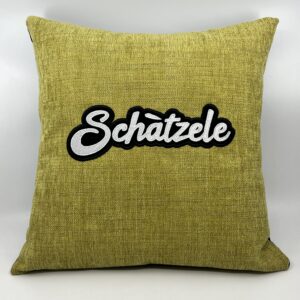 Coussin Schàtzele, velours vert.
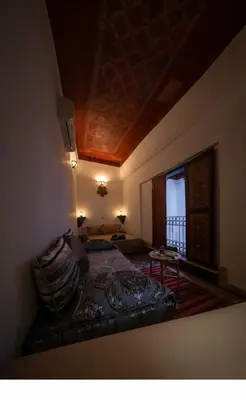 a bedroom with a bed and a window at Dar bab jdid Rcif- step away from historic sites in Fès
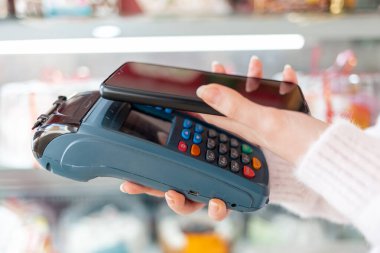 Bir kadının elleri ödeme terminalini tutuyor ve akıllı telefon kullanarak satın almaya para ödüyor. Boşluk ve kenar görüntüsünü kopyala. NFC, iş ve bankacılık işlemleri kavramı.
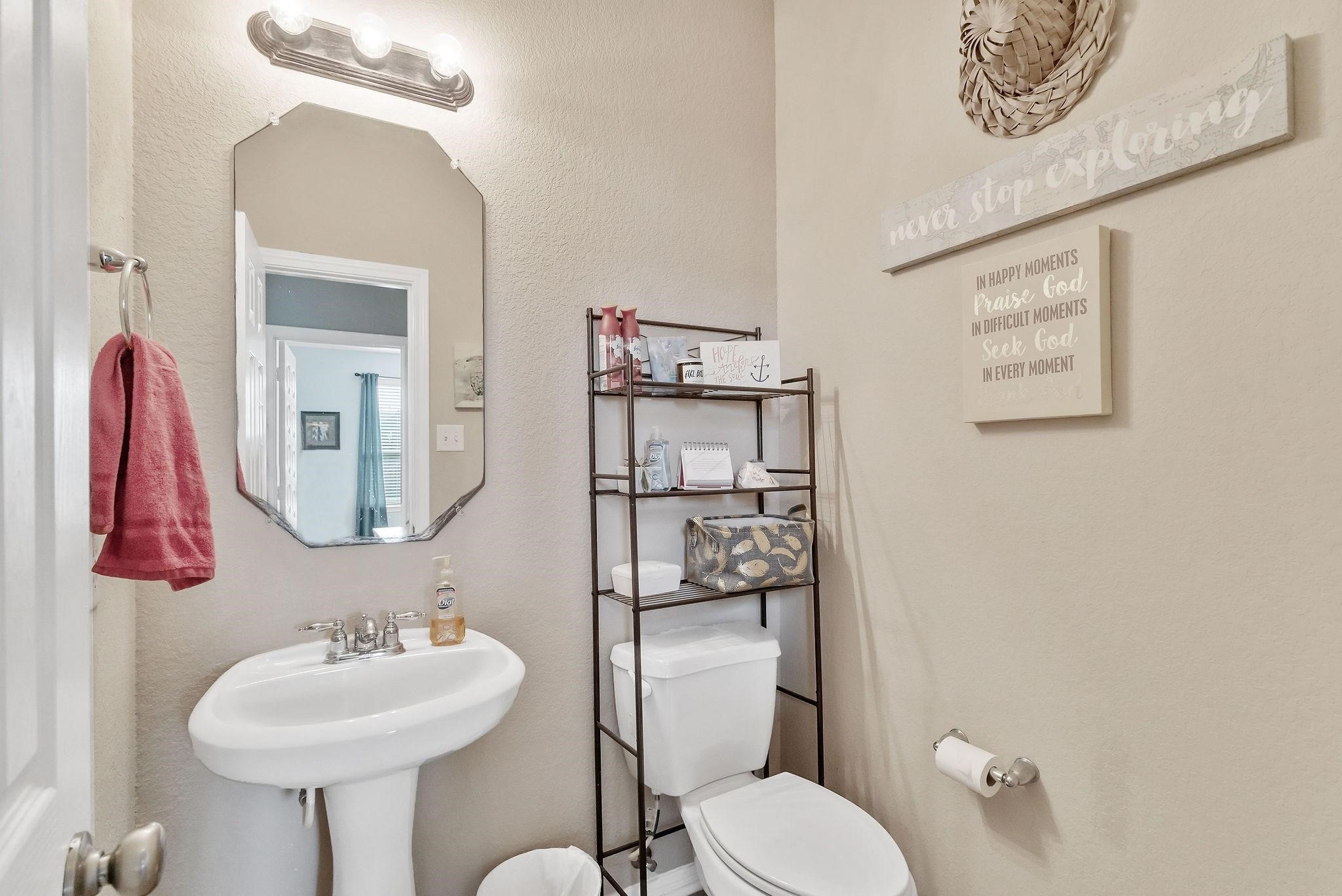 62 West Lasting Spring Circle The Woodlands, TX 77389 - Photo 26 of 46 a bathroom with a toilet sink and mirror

.....

§ What is expected: Starting at the line that contains "a bedroom with", retype each line through the end of the data exactly, and leave out every picture.

§ Solution:
 a bedroom with a bed and a window at Dar bab jdid Rcif- step away from historic sites in Fès
 Bir kadının elleri ödeme terminalini tutuyor ve akıllı telefon kullanarak satın almaya para ödüyor. Boşluk ve kenar görüntüsünü kopyala. NFC, iş ve bankacılık işlemleri kavramı.
 62 West Lasting Spring Circle The Woodlands, TX 77389 - Photo 26 of 46 a bathroom with a toilet sink and mirror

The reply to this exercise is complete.